If your kit involves any screws that thread into metal parts, you'll need to use a thread lock compound to keep the screws from loosening. The standard thread lock compound is blue Loctite 242.
It pays to do a careful job of the gluing. You want the tire/wheel assembly to run true and you want the job to be strong. The fussy-sounding procedures below are designed to meet these goals.
First, examine the mounting surfaces of the tires and trim away any excess rubber with sharp scissors. This permits the tires to sit down straight and true on the wheels. Next, clean the mounting surfaces of the tires and the wheels with rubbing alcohol. This removes any mold release agents from these surfaces and allows the glue to work its best. Then mount the tires on the wheels, and get them true. One way to get them true is to hold a mounted tire between your hands, press in slightly, and spin the tire back and forth with a rubbing motion. Do this a couple of times, shift the tire 1/4 turn, and repeat four or five times.
Use a thin CA glue (e.g. thin Pacer Zap, Hot Stuff, blue Goldberg Jet). A narrow tip applicator makes the job easier. Place the mounted tire on a table with the outside of the wheel facing up. Pull the tire very slightly away from the wheel so you can apply a drop of glue between the tire and wheel. Work your way around the wheel until the tire is entirely glued, then flip over and glue the other side in the same way.

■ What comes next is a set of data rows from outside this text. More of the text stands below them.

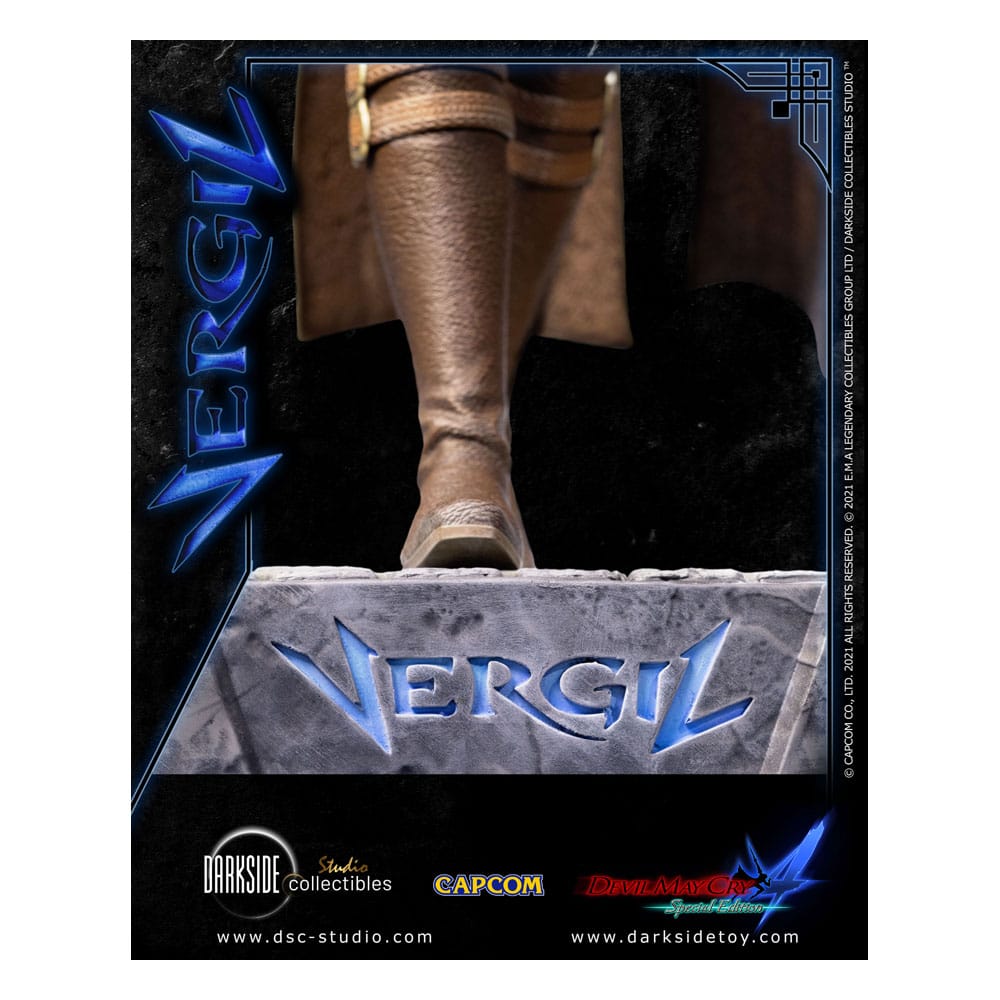 Devil May 4 Cry Premium Statue 1/4 Vergil 51 cm – Bild 10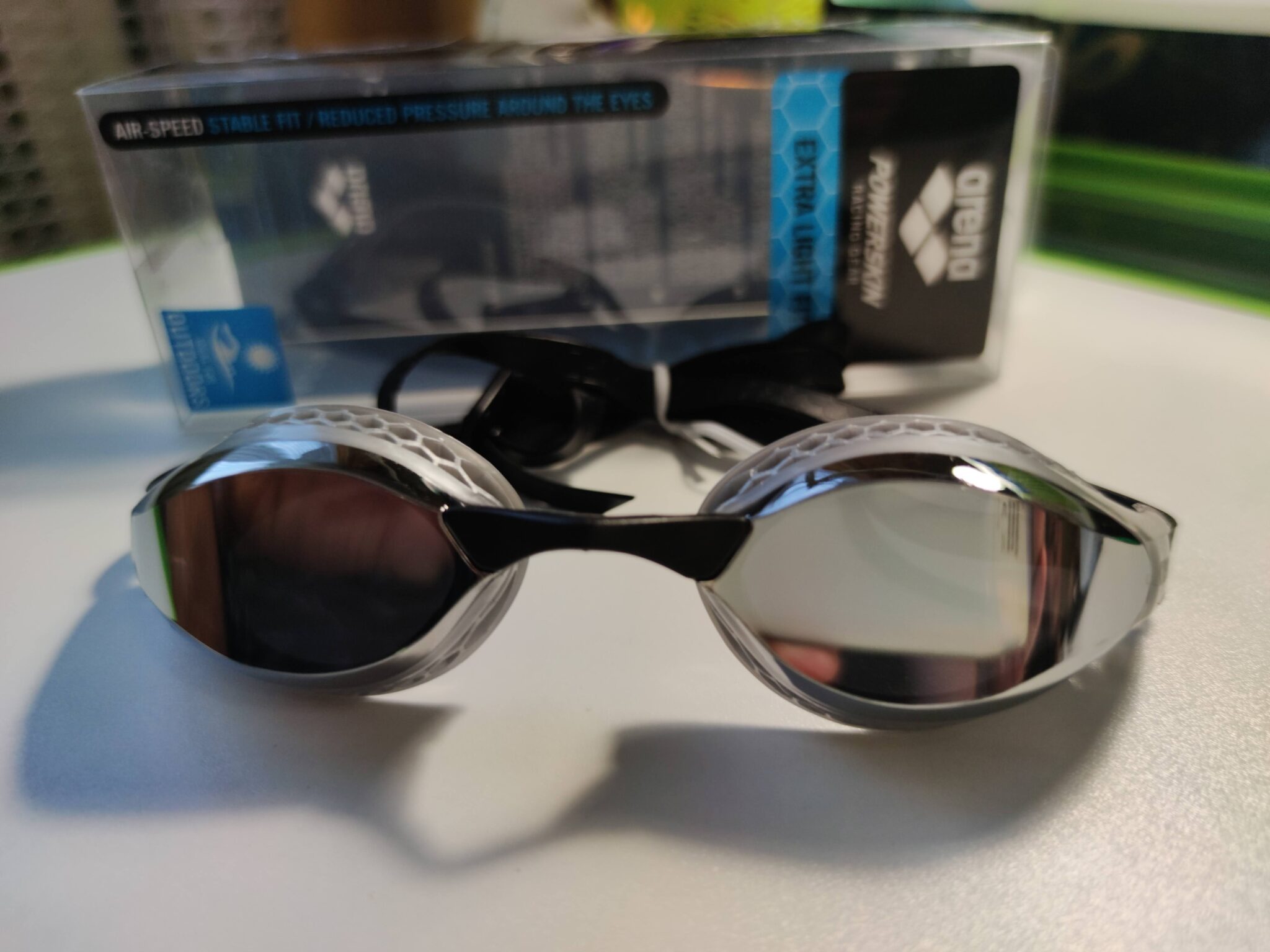 Arena Airspeed SILVER-SILVER - Swimshop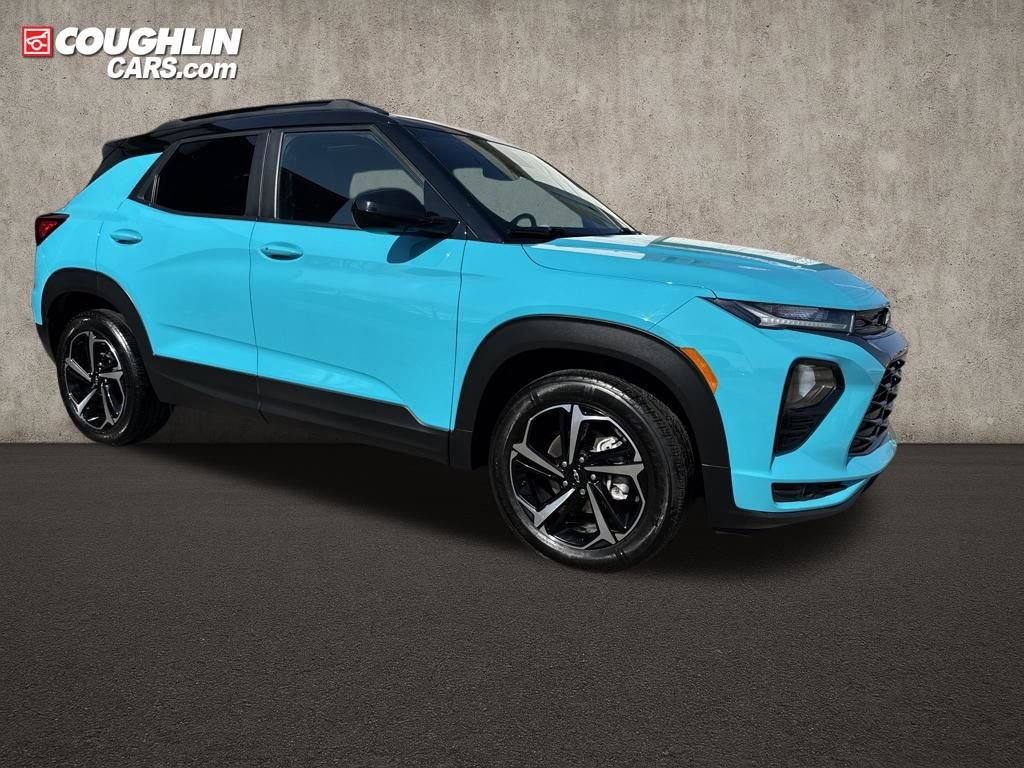 Used 2021 Chevrolet TrailBlazer RS w/ Sun and Liftgate Package image 9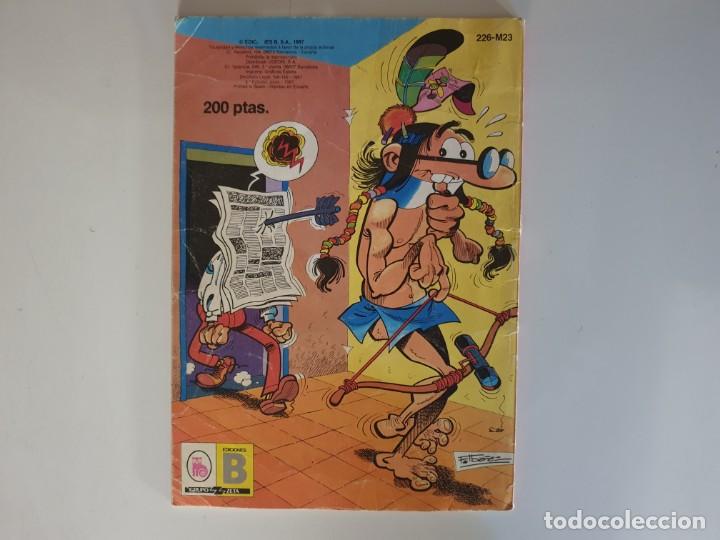 Tebeos: OLE -MORTADELO 2 ed.1987 - Foto 2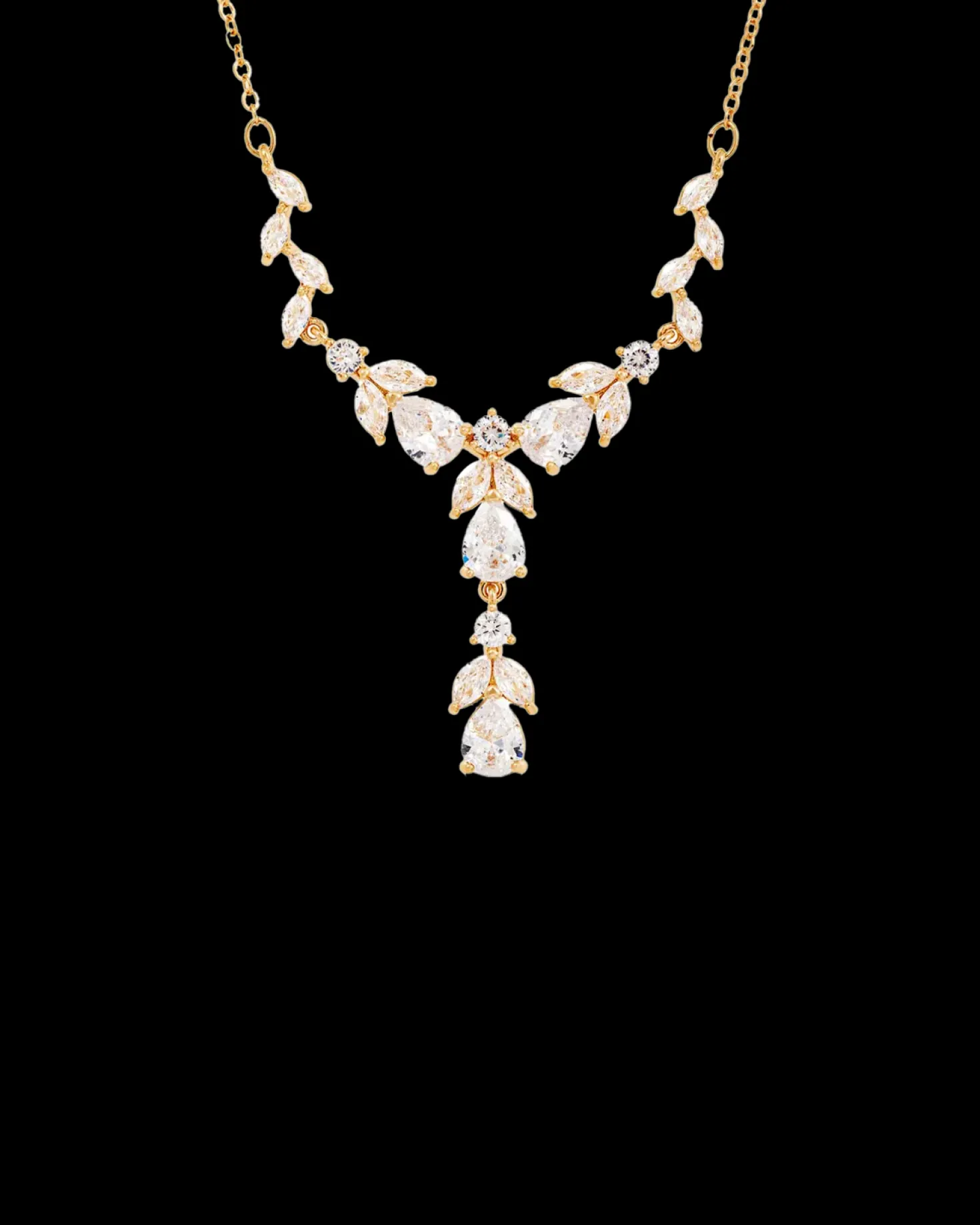 Collier - Floral Sparkles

Now your wheels and tires are ready for use. At some point this set of tires will wear out and you will want to replace it. You can remove the tires from the wheels by boiling the tire/wheel assembly for a minute or so. The easiest and safest procedure is to cut the tread surface from the worn out tire before boiling; this prevents scalding hot water from collecting inside the tire, where it might squirt out and hurt you. After boiling, you should be able to pull the sides of the tire from the wheel without leaving any rubber behind. You will leave some glue behind; clean this off completely with a small file before mounting the next set of tires.
This is not a soldering tutorial, but here are a few basic tips:
Heat-shrink tubing can be applied over solder joints for insulation and finished appearance. Use heat-shrink in preference to electrical tape - it is more permanent. To shrink the tubing, hold a hot soldering iron close below it or a match farther below it.
You will see advertisements for nifty temperature-controlled soldering irons. Unlike regular soldering irons, you can leave a temperature-controlled iron hot all the time while you are racing, so it is ready the moment you need it. (Leaving a regular iron on without using it for long periods of time will greatly shorten its life.) The drawback of the temperature-controlled soldering iron is cost -- roughly $100. And soldering irons don't last forever, especially not when you are carting them back and forth to the race track. You will be better off spending the money on something else -- like high-quality connectors that reduce the need for using a soldering iron.